Deflation? What’s That? Fears That Asian Countries Will Spew A Flood Of Exports Helped Trigger Plunge
Fears of an unfamiliar villain - deflation - helped set off Wall Street’s latest spasms, the chief investment officer for the Frank Russell Co. said Tuesday.
Randy Lert said investors fear Asian countries will try to export their way out of their current economic woes. If they are correct, he said, the exporters will cut prices to win a share of the U.S. market.
Other producers will have to respond, putting pressure on everyone’s profits, Lert said.
He said high-technology has been particularly hard hit in the market because those companies enjoy some of the widest profit margins.
And many of those products or their components are made in Asia, he said.
Lert said the flip side of the sudden focus on deflation is the possibility ongoing concerns about inflation will subside, and with them the threat of increased interest rates.
Inflation raises prices and reduces the value of the dollar. Deflation cuts prices, raising the dollar’s value.
Federal Reserve Bank Chairman Alan Greenspan, whose past comments on the market and interest rates have set off wild, if temporary, market moves, is scheduled to appear before Congress today.
“The market is speaking to the Fed,” Lert said, warning that too heavy a hand could push the economy into a deflationary environment.
“The current scenario is going to be very hard to read,” he said.
Lert said the other question mark for Wall Street is the staying power of the individual investor, who now controls more assets than professional money managers.
“We don’t have much history with that kind of situation,” he said, noting that activity in mutual funds managed by Tacoma-based Russell has been minor.
Spokane brokers and advisers reported another relatively quiet day despite the immense volume of trading in New York.
“I haven’t really had anybody selling anything,” said Marilyn Rider, a broker at Prudential Securities.
She said she told clients who called Monday to avoid rash decisions. Most heeded the advice, she said.
“A day like yesterday (Monday) is certainly not the time to sell,” Rider said, adding “I don’t have any traders.”
Rider said she was also repeating a reminder she gives every year at this time no matter what the stock markets are doing: don’t buy into mutual funds.
That’s because in another month, most will be making their distributions for the year, and investors will owe tax on those sums whether they’ve been in the fund for a year or a day.
If an investor wants to get into a fund now, Rider said, new funds that will not be making a distribution this year are the best choice.
Stuart Grossman, of WMA Securities, said the market’s behavior was a classic turn of the “Wall Street Waltz,” a pattern of three rallies and one pullback that produces an advance over time.
Clients find the “‘waltz” reassuring when the market swings downward, he said.
Financial planner Janice Penar said the market’s gyrations were a non-event for her clients.
Her job, she said, is to sort out their financial goals, identify the tools that will meet them, then review the results periodically to make sure the portfolio is on track.

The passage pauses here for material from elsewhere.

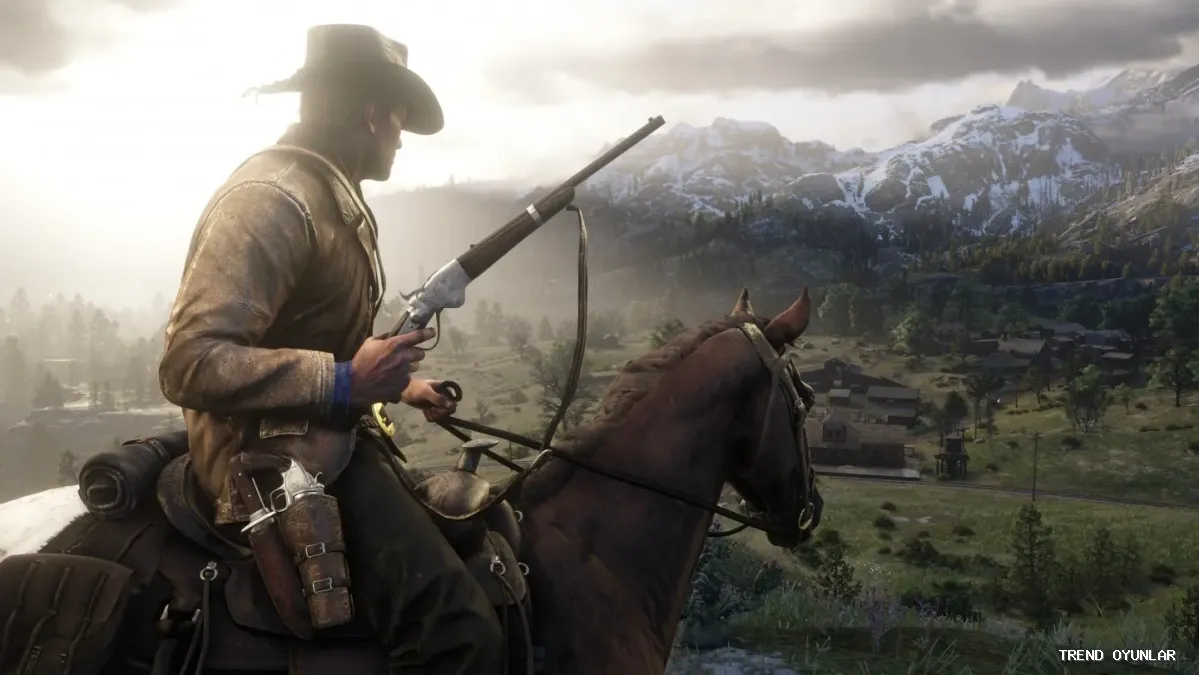 Red Dead Redemption 2 ekran görüntüsü 4 - Aksiyon oyunu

If events like those of Monday suddenly cause alarm, Penar said, stockbrokers are probably better able to provide reassuring handholding.
“Ours is pretty much a longer term type portfolio,” she said. “You focus on the end result.”
Penar said her job has been somewhat tougher the last few years because selling clients on balanced investments that include bonds or other instruments becomes more difficult when stocks perform so spectacularly.
Even if the Dow Jones industrial average were to finish 1997 with no gain, she noted, the average return over the last two years would still be about 15 percent.
The historic average is only around 10 percent, she said.
“We expect to see these cycles,” said Bill Fautch, local spokesman for the National Association of Investors Corp.
The NAIC is a non-profit organization that provides investment education and materials to individuals and clubs around the country.
Fautch belongs to one of several investment clubs in the Spokane area.
He said the 14 stocks in the club’s portfolio have produced an annual return of about 26 percent.
“At least we were until the other day,” Fautch said dryly.
He said members remain confident in U.S. markets. Foreign markets, like butterflies, will continue their volatile ways, he said.
“It’s been a great market,” Fautch said. “If you’re in it for the long haul, you ride out these peaks and valleys.”